Wednesday, May 21, 2014

A Tale of Two Charts (and Two Economies)

These two charts depict the same index (DJIA) over the same time frame, but they reflect two stories and two economies.

Long-time correspondent Harun I. recently submitted two charts of the stock market that suggest two different stories--and these two stories suggest two different economies.

The first story is the one the Federal Reserve wants us to believe: the economy is expanding smartly without inflation or deflation--in effect, a Goldilocks economy that is enabling expanding profits and margins, which have pushed stocks ever higher.

In summary, this is the happy story.

The other story is the Fed's nightmare scenario: the stock market's expansion is exhausted and poised to decline. This story is one of an economy that never expanded in meaningful fashion, and a stock market rigged to rise by unprecedented intervention (i.e.manipulation) by the Fed.

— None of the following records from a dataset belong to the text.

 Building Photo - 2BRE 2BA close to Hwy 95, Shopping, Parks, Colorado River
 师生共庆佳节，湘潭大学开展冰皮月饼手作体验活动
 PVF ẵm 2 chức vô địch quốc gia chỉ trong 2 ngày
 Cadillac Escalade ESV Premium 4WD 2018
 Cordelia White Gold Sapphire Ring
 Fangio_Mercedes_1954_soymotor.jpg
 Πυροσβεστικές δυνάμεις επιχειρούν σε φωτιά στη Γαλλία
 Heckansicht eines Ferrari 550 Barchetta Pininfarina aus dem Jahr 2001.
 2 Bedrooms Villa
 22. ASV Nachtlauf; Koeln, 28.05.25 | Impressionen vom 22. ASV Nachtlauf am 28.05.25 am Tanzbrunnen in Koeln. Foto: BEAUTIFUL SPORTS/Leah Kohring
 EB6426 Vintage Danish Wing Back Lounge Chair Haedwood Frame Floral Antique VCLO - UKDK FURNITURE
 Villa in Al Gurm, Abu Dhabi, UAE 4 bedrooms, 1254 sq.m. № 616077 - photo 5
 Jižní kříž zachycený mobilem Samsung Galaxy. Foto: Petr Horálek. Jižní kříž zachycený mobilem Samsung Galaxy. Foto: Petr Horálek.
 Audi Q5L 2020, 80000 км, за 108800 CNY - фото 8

This is the not-so-happy story.

These two charts depict the same index (Dow Jones Industrial Average (DJIA) over the same time frame, but they reflect two stories and two economies. These divergent stories are possible because the data supports two parallel universes: one in which the booming market is held up as evidence the overall economy is expanding to everyone's benefit, and the other a manipulated market that has expanded not as a reflection of growth but of a staggering loss of purchasing power of the U.S. dollar and a central bank transfer of wealth from the many to the few who own the majority of financial assets.

Here is Harun's commentary:



Below are two charts of the DJIA. The periodicity is yearly, i.e. each bar is one year. One is arithmetic and one is log. They present two dramatically different perspectives.

The log chart puts gains into a relative context and I use them extensively. However, the one drawback I find is that they are a poor indicator of psychology when using the bars to gauge sentiment.

The log chart indicates nothing unusual but the arithmetic chart indicates that we should be asking ourselves whether last year’s bar suggests a high probability of exhaustion. The log chart allows the Fed and others to claim, “see, no ‘flation”, i.e., no inflation or deflation of any sort.

Yet when we look at the relative strength charts and see that when measured against gold and equities, commodities are, in many instances, at all time lows.

The cheers go up--if you are of the small percentage of people who own these assets (gold and equities). But if you are one of the 99.90%, everything has gone up except your paycheck; 1 out of every 6 are on food stamps. In the case of the majority, inflation is everywhere. If you're in the one-third of the working age population that is unemployed, there is no hope in sight.

The arithmetic chart, on the other hand, shouts, "Warning, something is really wrong here!" It says that either the wealthiest people (those who own equities) are really excited about the economy's growth opportunities, or they are fearful and taking advantage of the transfer of wealth being orchestrated by the government via the Fed.

One can choose which narrative best fits. To paraphrase former president Clinton, it just depends what on your definition of is, is.





Thank you, Harun, for explaining the two narratives the charts tell. I suspect the divergent stories will be compressed into one narrative in the next few years: either the overall economy matches the optimistic forecast of the stock market, or the market declines to the recessionary stagnation of the Main Street economy.